Sabah uyandığında başı deli gibi ağrıyordu. Yine de hazırlanıp işe gitmeliydi, daha evvel asla
geç kalmadığı, hayatından daha değerli olan işine. Her sabah olduğu gibi en bakımlı haliyle
orada olmalıydı, oldu da.
Herkes tarafından o çok sevdiği pohpohlanma anının zevkiyle burnu gökyüzüne dönmüş
halde toplantıdan çıktığında, ödüllendirmek için sahildeki kafeye attı kendini. Bir yandan
kahvesini yudumlayıp bir yandan sosyal medyadaki tatil ve paparazzi paylaşımları arasında
gezinirken yan masadaki konuşmaya takıldı kulağı istemeden. Hastalıktan bahsediyorlardı,
hani şu sosyal medyada bahsi geçen salgından. Arada başlıklara denk geliyor ancak altında
yazan haberi okumadan geçiyordu. Ne de olsa ülkemizde rastlanmamıştı, ilgisini çekmiyordu.

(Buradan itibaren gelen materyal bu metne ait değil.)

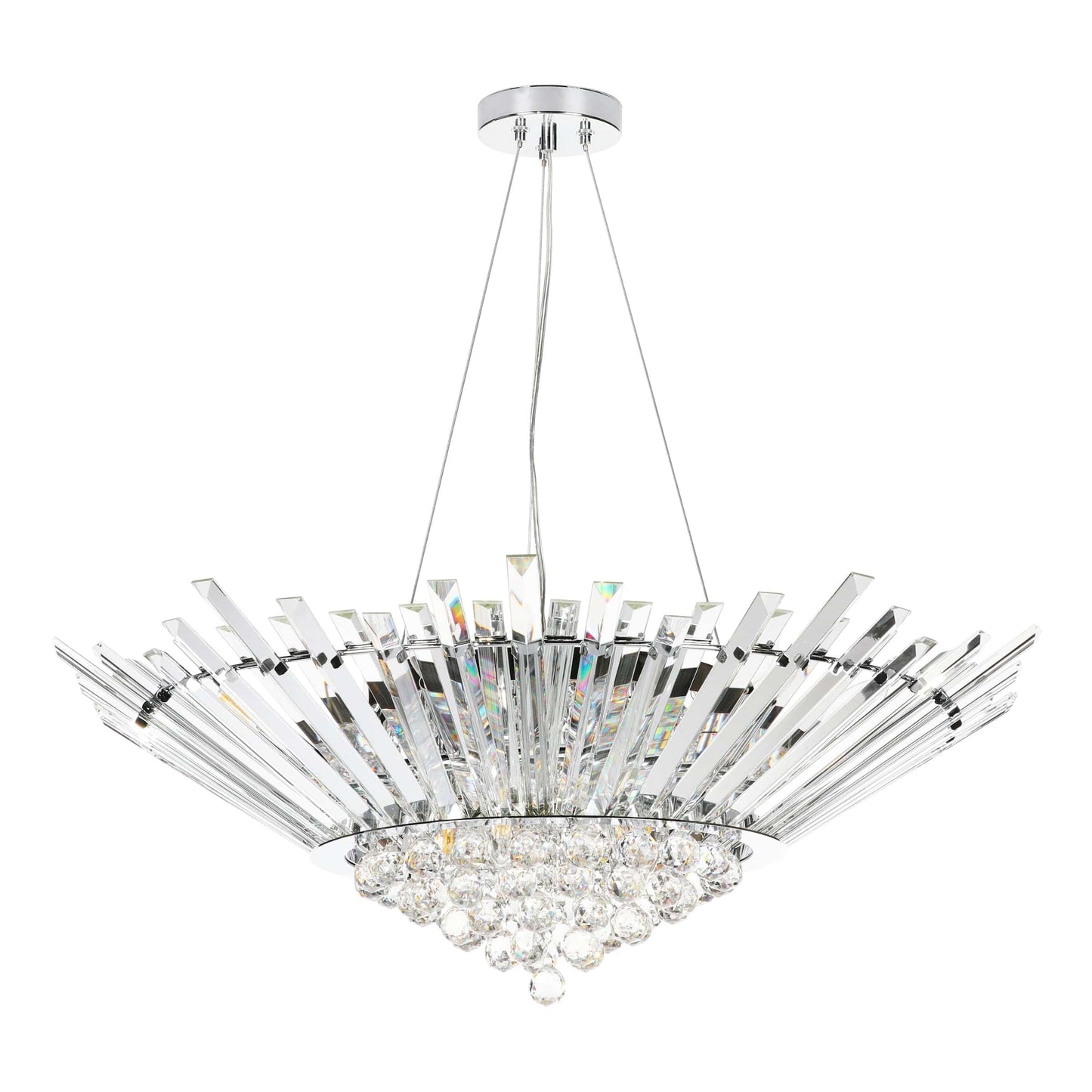 dar lighting Nimbus 9 Light Chandelier Crystal and Polished Chrome NIM1350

Ancak fısıltıyla konuşan bu iki adam ailesinde birinin bu hastalığa yakalandığından
bahsediyordu. Yok canım, yanlış anlamışlardır, belki de palavra atarak arkadaşının dikkatini
çekmeye çalışıyordu, kim bilir. İlgisinin tekrar ekranda ünlü tasarımcının mayosunu giyen
fenomene dönmesi çok sürmedi.
Son haftalarda oldukça yoğundu, geç saatlere kalınan mesailer, krizin yarattığı veda
yemekleri, toplantılar… O sabahta tüm gece çalışmış olmanın sersemliği ile üzerinde taşıdığı
yorgunluğu çantasına atmış, trafikte ilerlemeye çalışıyordu. Tam yol açıldı hızlanayım derken
yan şeritteki araç önüne kırınca kazadan kıl payı kurtulmayı başardı. Anlık yaşadığı korku ile
zihni onunla yine belli belirsiz bir hikaye paylaştı. Hikayedeki mekan yine bir arabaydı ama
bu sefer sürücüsü o değildi. Bir davete gidiyorlardı ve yolu bulmaya çalışırken girmeleri
gereken sokağı kaçırmış, adamın son anda frene basmasıyla arkadaki araç ile ciddi bir kazanın eşiğinden dönmüşlerdi. Görüntüler, işittiği hakaretler o kadar gerçekçiydi ki, kendini
toparlaması saniyeler sürdü. Toparladığında içini bir korku sarmaya başladı. Son zamanlarda
çok sık oluyordu. Belki de çok yorulmuştu, biraz kendine vakit ayırmalıydı. Tabi ki kendisi
için yapabileceği en iyi şey gidip alışveriş yapmaktı. Öyle ya, kendine vakit ayırmak bu değil
miydi? Yemek molasında kendini çalıştığı ofisin altındaki alışveriş merkezine attı. Beğendiği
ayakkabının üç rengini, ünlü oyuncuda görüp aşık olduğu mavi elbiseyi ve onunla uyumlu
çantayı aldığı gibi kasaya gitti. Yeni kıyafetlerini kızlara gösterip hava atmak için
sabırsızlanarak asansör kuyruğuna eklendi. Epey kalabalıktı, elleri poşetlerle dolu bir ton
insan sıra bekliyordu. Arkasındakinin öksürüğü ile ensesinde hissettiği buharın etkisiyle, ters
bir bakış atmak için arkasını dönerken göz göze geldi, yan kuyrukta bekleyen adamla. İkisi de
hemen tanıdılar birbirlerini. Karşısındakinin de tanımış olduğunu anlatan bakışlar karşısında
selamlaştılar.
-Merhaba
Bu sefer karşılıklı isim paylaşımı kaçınılmaz olmuş ve adamın kahve teklifiyle bir sonraki
adım yerini bulmuştu. Uzun sürecek sohbetlerin, unutulacak zamanın, ertelenen işlerin
başlangıcı olmuştu o kahve. İşe ilk defa o öğlen geç kalmıştı, ama umurunda değildi. Akşam
eve dönerken aklı bambaşka yerdeydi, hayatında ilk kez hissettiği bu duyguyla ne yapacağını
bilemez bir halde ruhu çok uzaklara uçmuştu. Radyodaki haberle çıktı dalgın
düşüncelerinden. ‘yasak’, ‘hasta’, ‘maske’ bu üç kelimeyi aynı cümlede duyunca habere
odaklandı, ilk kez. Sesini iyice açtı,
-Belirsiz bir süre boyunca zorunlu ihtiyaçlar dışında sokağa çıkma yasağı ilan edildi.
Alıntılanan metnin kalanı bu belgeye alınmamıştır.